Quando perdi a visão fiquei aproximadamente seis meses sem querer estudar, mas dentro de mim nunca me senti fraco, sempre senti confiança em mim mesmo. No início tinha preconceitos em relação a ter que utilizar Braille, de ter que andar com o auxílio de bengala. O principal sentimento que tinha era vergonha de estar nesta situação, de andar nas ruas de bengala, e imaginava as pessoas me olhando e me chamando de ceguinho ou coitadinho.
Aos 17 anos, descobri ouvindo os psicólogos e psiquiatras que iam aos programas da Silvia Popovic na rede Bandeirantes, que eu tinha facilidade para compreender os fenômenos psicológicos, a partir dos temas discutidos nos programas dela.
Em 2001 quando estudava no colégio Guilherme Dourado e estava na sétima série, ouvi uma reportagem no programa "A voz do Brasil" que informava que o governo federal distribuiria livros em Braille para alunos do ensino fundamental, mas esses livros nunca chegavam ao Tocantins.
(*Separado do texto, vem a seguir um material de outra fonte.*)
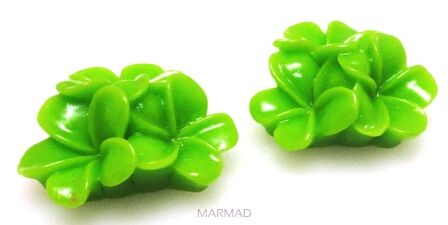 Kaboszon - kwiatuszki 20mm - zielone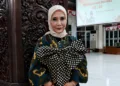 Mantan Bupati Kendal, Widya Kandi Susanti, mengenakan salah satu batik pramesti hasil karyanya. (Anik Kustiani/Lingkarjateng.id)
Enviei uma carta em Braille ao ministro da educação Paulo Renato Souza; fiz um desabafo por não ter recebido os livros, ele leu minha carta no programa A voz do Brasil, e afirmou que iria tomar providências. Passado alguns dias recebi uma carta do Instituto Benjamin Constant de que eu receberia os livros em casa.
A escola Modelo em Araguaína onde aprendi Braille recebeu do ministério da educação (sem passar por sorteio) impressora Braille e outros materiais para trabalhar com pessoas cegas.
Conheci Maria da Glória Batista Mota (popular Glorinha) em 2005 na festa de final de ano na ACIC (Associação Catarinense para a Integração do Cego). No período em que escrevi a carta ao ministro Paulo Renato, Glorinha trabalhava como assessora na secretaria de educação especial do MEC, ela transcrevia minhas cartas em Braille que enviava. Ela já declarou várias vezes que foi a partir dessa carta que enviei que vários núcleos de educação especial com equipamentos para cegos foram abertos no Brasil.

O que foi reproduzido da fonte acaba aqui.